To re-invent itself, Sramana avers that Schwartz ought to be looking for one product that Sun can use as its competitive advantage. In other words, the million-dollar question is “What is my equivalent of the iPod?”
Indeed. Is it Sun’s servers? Surely not in the hopelessly commoditized market, where “cheap eats better” is the norm. Is it SPARC? Nopes - Intel and AMD rule the roost here, and Sun, even under Scott McNealy, realized that, by releasing Solaris for the i386 architecture. Is it Solaris?
This is probably Sun’s best bet. Linux, although very popular, has nowhere the kind of brand that Sun has built up around Solaris 10. This is one area where Sun has gone about its marketing with a kind of holy zeal. And Sun has put in a lot into the OS - Dtrace, ZFS, Predictive self-healing, and Zones. Now is the time to decouple the Solaris brand from the rest of Sun’s hardware and make it an enterprise OS across vendors’ server lines.
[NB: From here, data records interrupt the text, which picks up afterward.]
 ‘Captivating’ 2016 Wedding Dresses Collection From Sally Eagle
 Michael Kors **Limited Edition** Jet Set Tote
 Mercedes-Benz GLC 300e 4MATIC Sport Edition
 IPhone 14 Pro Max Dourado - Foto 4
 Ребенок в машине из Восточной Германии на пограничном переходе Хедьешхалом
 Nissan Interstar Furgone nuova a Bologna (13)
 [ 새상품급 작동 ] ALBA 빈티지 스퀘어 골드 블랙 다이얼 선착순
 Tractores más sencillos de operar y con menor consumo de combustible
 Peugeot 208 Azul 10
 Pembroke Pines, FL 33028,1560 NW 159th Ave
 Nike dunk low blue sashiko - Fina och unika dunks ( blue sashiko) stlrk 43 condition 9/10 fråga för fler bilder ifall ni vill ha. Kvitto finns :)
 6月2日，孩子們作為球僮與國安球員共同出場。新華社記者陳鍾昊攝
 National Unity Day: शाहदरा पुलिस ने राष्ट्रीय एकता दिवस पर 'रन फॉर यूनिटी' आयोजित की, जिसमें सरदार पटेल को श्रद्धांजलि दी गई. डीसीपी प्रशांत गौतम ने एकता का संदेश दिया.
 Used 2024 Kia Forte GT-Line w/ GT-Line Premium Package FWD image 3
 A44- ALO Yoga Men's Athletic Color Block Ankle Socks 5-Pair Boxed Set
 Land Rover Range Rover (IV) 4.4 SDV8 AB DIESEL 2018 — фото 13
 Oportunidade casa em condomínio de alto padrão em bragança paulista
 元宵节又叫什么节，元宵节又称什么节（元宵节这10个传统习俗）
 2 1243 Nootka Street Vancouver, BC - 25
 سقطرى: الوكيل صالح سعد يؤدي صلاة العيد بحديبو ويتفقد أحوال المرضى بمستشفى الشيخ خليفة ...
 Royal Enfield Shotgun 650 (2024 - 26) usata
Releasing Solaris to the Open Source community is also a very strong strategic move. If Scott McNealy is recognized as the father of the Open Systems revolution, then opening up Solaris must be his most significant achievement. It is upto Sun now to build as enthusiastic a community around Solaris as Linux has, and that is the challenge that faces top management at Sun. Blogs are one way of accomplishing this - getting the most out of Bryan Cantrill, Adam Leventhal, Eric Schrock, Mike Shapiro, Alan Hargreaves, and even Andy Bechtolsheim, one of the original founders of Sun and still one of its most respected individuals. Get them to discuss their vision, their code, their problems online, solicit opinions from developers across the community. Sun’s engineers are its biggest PR officers - get them to attend and speak at Developer Conferences, host Solaris-specific equivalents of the Ottawa Linux Symposium, even participate in events like the OLS.
Sell the Solaris brand as a sort of a “premium Linux”. Adopt a more Cathedral-style approach to its development (as opposed to Linux’s bazaar-style), but always develop in the community, not inside hermetically-sealed labs inside of Sun. Those kind of days are over. Sramana answers the iPod question in a related way:
“What are SUN’s major assets? The brand, particularly the enterprise computing brand is perhaps the biggest at this point. But we are trying to leverage it in very traditional ways, mostly by selling servers and services around servers, while margins in that business keep shrinking. We need to get out of this commodity business, and find a related but non-commodity niche.”